## Dataset excerpts
*** Block opens ***
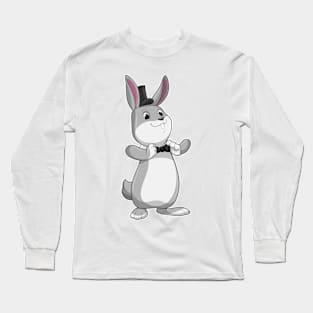 Rabbit with Top hat & Bow tie Long Sleeve T-Shirt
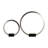 Florastine Metal and Stone Circular Sculpture with Aluminum and Marble Accents in Minimal Modern Design-86748760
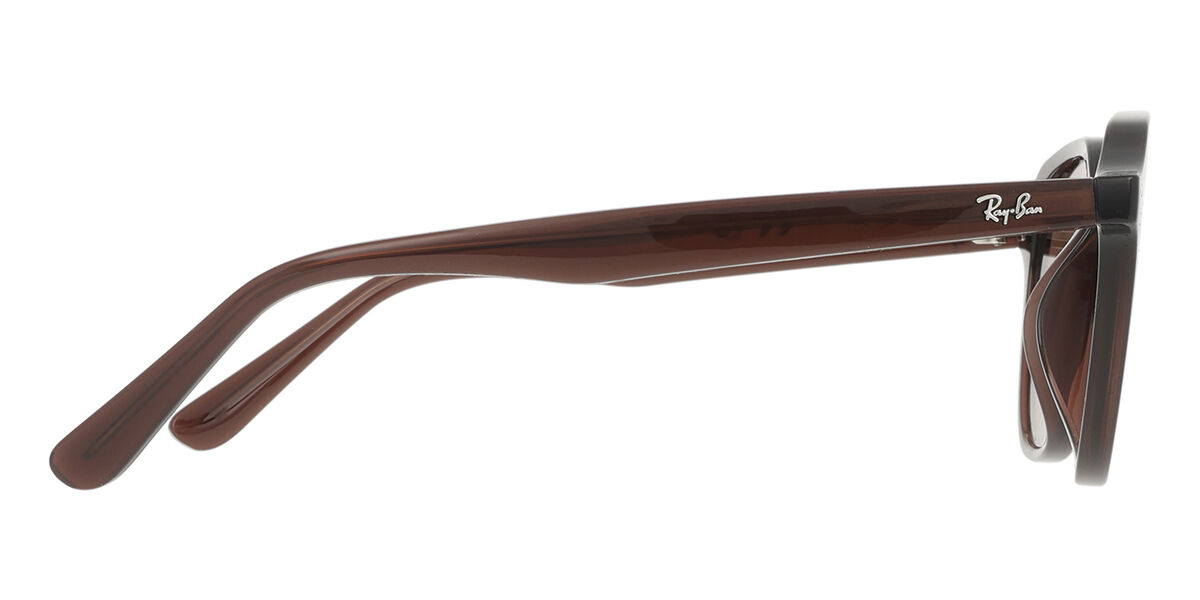 Ray-Ban RB4459D Asian Fit 623173 Square Opal Brown Sunglasses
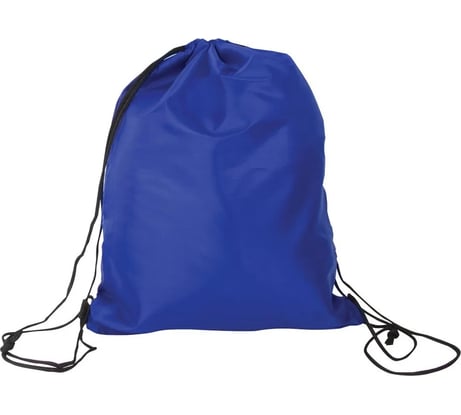 Прочная сумка для обуви BRAUBERG на шнурке, синяя, 42x33 см, 227140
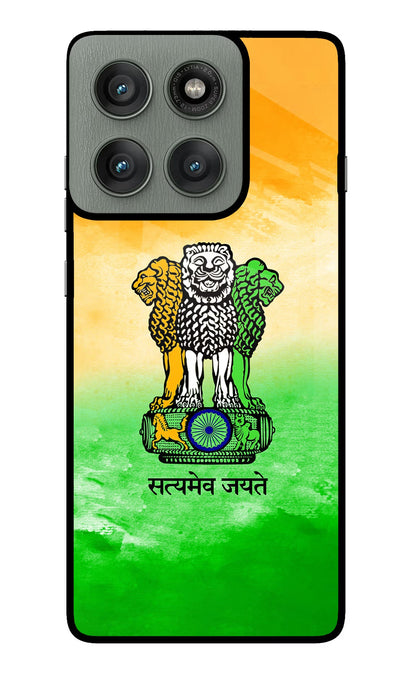 Satyamev Jayate Flag Moto Edge 60 Pro Back Cover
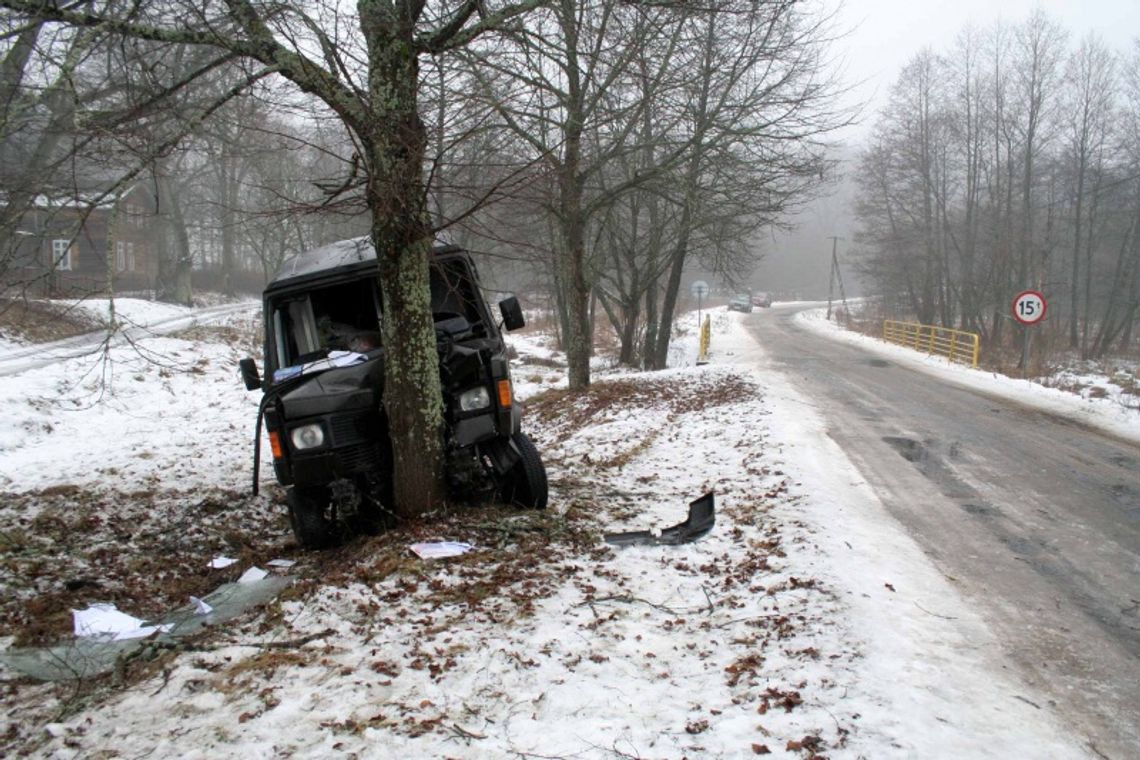 Mercedesem w drzewo Mercedesem w drzewo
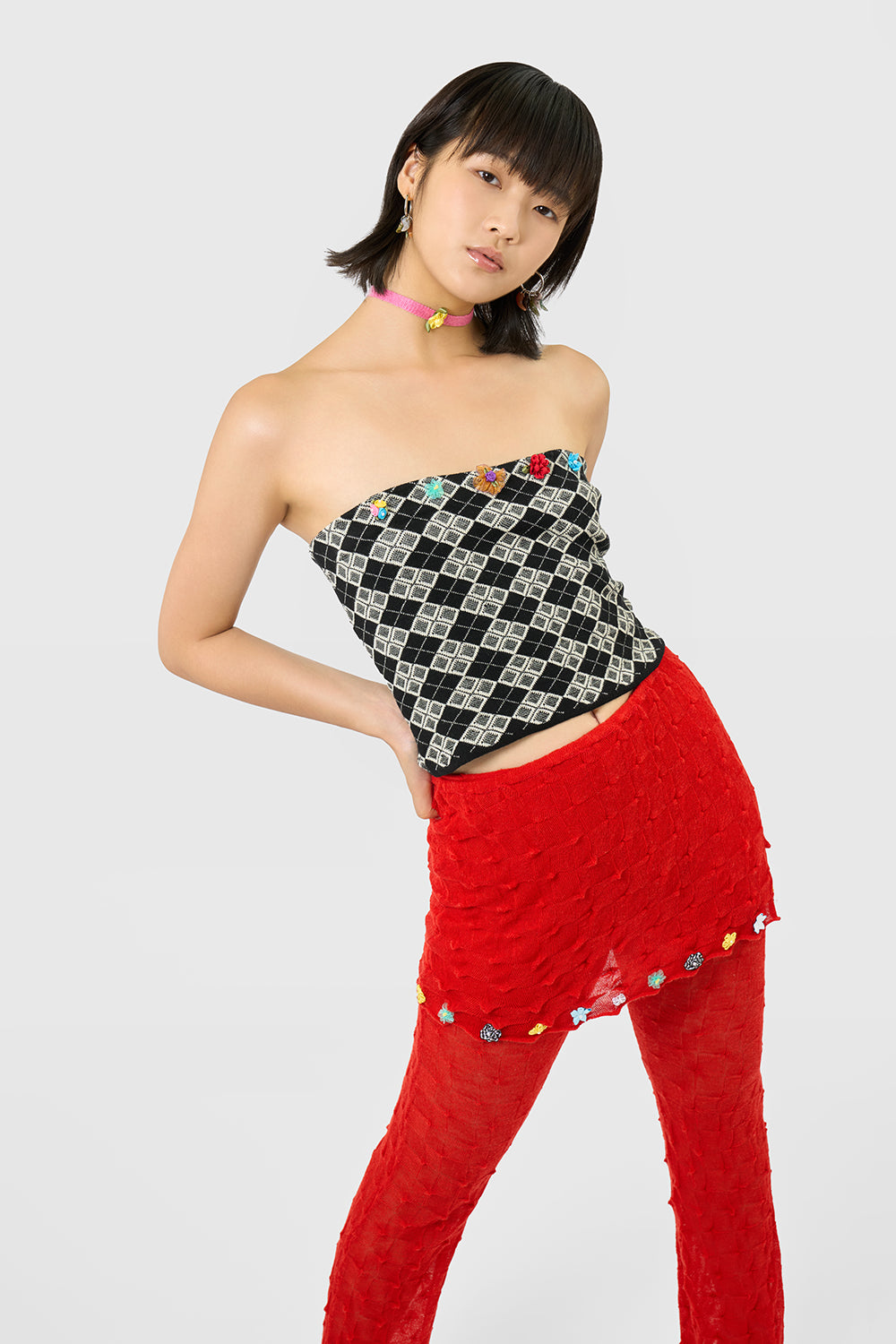 Argyle Tube Top
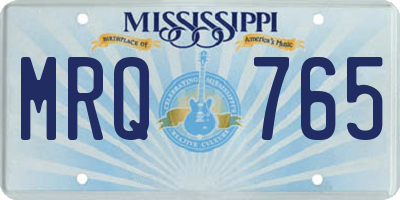 MS license plate MRQ765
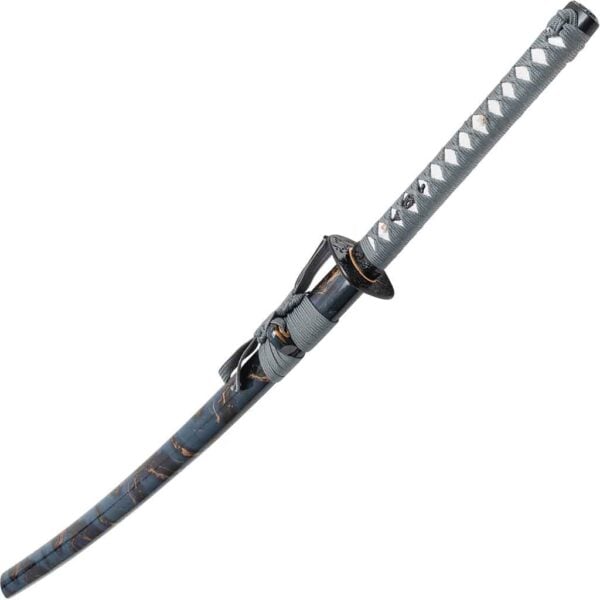 Blue Marbled Carbon Steel Katana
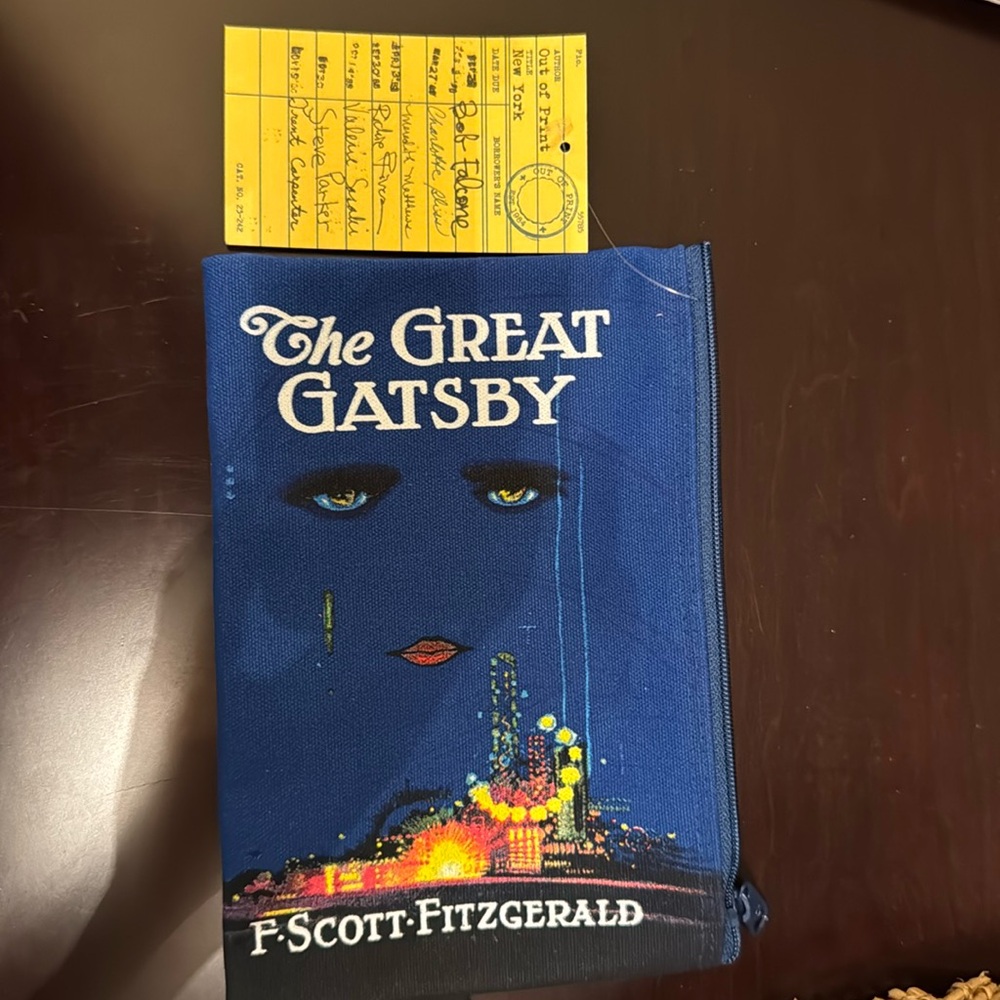 Out of print The Great Gatsby pencil pouch NWT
*** Block closes ***
## Task to carry out
Retyped exactly, the lines from the one holding "Ray-Ban RB4459D Asian" through the last line of the data above are the whole answer. Pictures stay out.

## Finished exercise
 Ray-Ban RB4459D Asian Fit 623173 Square Opal Brown Sunglasses
 Прочная сумка для обуви BRAUBERG на шнурке, синяя, 42x33 см, 227140
 Satyamev Jayate Flag Moto Edge 60 Pro Back Cover
 Mercedesem w drzewo Mercedesem w drzewo
 Argyle Tube Top
 MS license plate MRQ765
 Blue Marbled Carbon Steel Katana
 Out of print The Great Gatsby pencil pouch NWT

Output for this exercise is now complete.